Remco Evenepoel roulera dès 2026 sous les couleurs de Red Bull-BORA-Hansgrohe. Un bond en avant sur papier, mais un scénario pas si rose dans les faits entre luttes de pouvoir en interne, concurrence féroce et manque de culture de la gagne chez les Allemands.
Tous les signes étaient là. Encore fallait-il passer la date du premier août, celle où les transferts déjà connus de tout le peloton lors de la grande caravane à rumeurs du Tour de France peuvent enfin devenir officiels et cesser d’être des secrets de Polichinelle. Ce n’était donc qu’une question de temps avant que le transfert de Remco Evenepoel ne soit officiellement annoncé. Au soir du mardi 5 août, le moment était venu, avec des communiqués de presse soigneusement coordonnés: celui de Soudal Quick-Step d’abord, puis, une minute plus tard, celui de Red Bull-BORA-hansgrohe.
L’annonce n’est pas une surprise, les discours non plus. Dans une chorégraphie communicationnelle bien rôdée, Soudal Quick-Step regrette le départ de son poulain, chérit ses souvenirs et continuera à promouvoir l’esprit d’équipe du «Wolfpack» dans la période post-Evenepoel. Il est frappant de constater que le communiqué souligne également qu’il était dans l’intérêt de toutes les parties de résilier cet engagement dès maintenant, un an avant la fin du contrat du coureur originaire de Schepdaal.
Bien sûr, le message de Red Bull-BORA-hansgrohe est plus triomphant, avec des éloges pour Evenepoel: «Remco est synonyme d’ambition. Il ne veut pas seulement faire du vélo, il veut façonner le cyclisme.»
Le directeur de l’équipe, Ralph Denk, souligne également l’importance de cette arrivée pour l’équipe: «L’arrivée de Remco est plus qu’une simple étape importante pour Red Bull-BORA-hansgrohe, c’est un signal clair. Avec une confiance renouvelée et une ambition audacieuse, l’équipe souhaite devenir l’une des forces les plus attractives de la scène cycliste internationale dans les années à venir.»
Forger des champions, Roglic comme figure de transition
Cette rhétorique n’est pas nouvelle en soi. Elle avait déjà été utilisée lorsque Red Bull est devenu l’actionnaire principal de l’équipe l’année dernière, puis son sponsor principal à partir du Tour de France.

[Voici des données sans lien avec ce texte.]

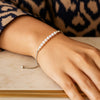 Sterling Silver Rhodium Plated Friendship Freshwater Pearl Drawstring Bracelet, view 5
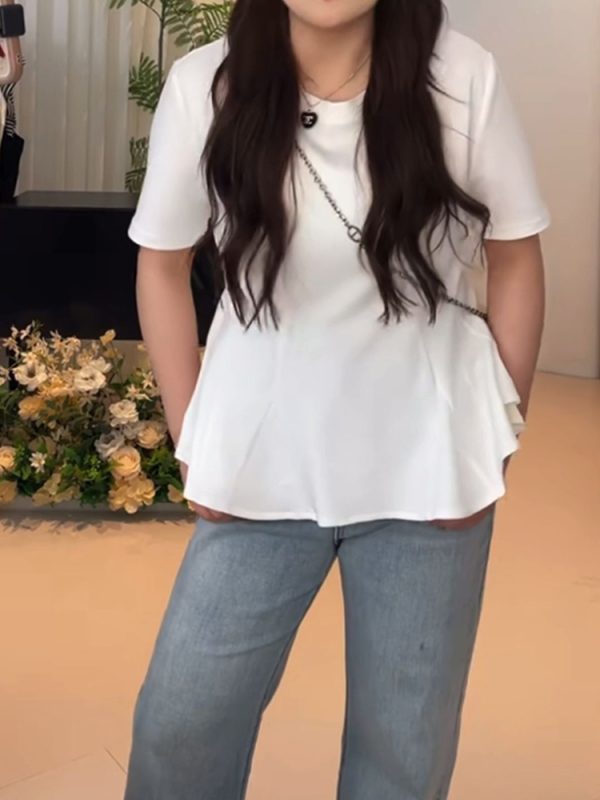 Plus Size Women's Summer Short Sleeve T-shirt with Lotus Leaf Edges, Flattering Design for Chubby Figures, Versatile Youthful Style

L’objectif à long terme: former soi-même les futurs champions et vainqueurs du Tour de France, en phase avec l’image jeune et dynamique que veut se donner Red Bull dans tous les sports pour lesquels la marque investit lourdement. En attendant, Primoz Roglic, figure de transition, devait défendre l’honneur du fabricant de boissons énergétiques au plus haut niveau, dans les courses par étapes. Il a été débauché de Jumbo-Visma en 2024 et séduit par un salaire annuel de 4,5 millions d’euros.
Après Roglic, sur le déclin et devenu incapable de rivaliser avec Tadej Pogacar et Jonas Vingegaard, un nouveau coureur de haut niveau devait prendre la relève pour soulager la pression sur toute l’équipe et faire le lien avec les jeunes talents issus des équipes juniors du club. Ce coureur devait être Remco Evenepoel, dès 2025. Mais comme les négociations s’éternisaient, le coureur a lui-même annulé un transfert presque finalisé, juste avant les Championnats du monde de contre-la-montre de l’année dernière à Zurich.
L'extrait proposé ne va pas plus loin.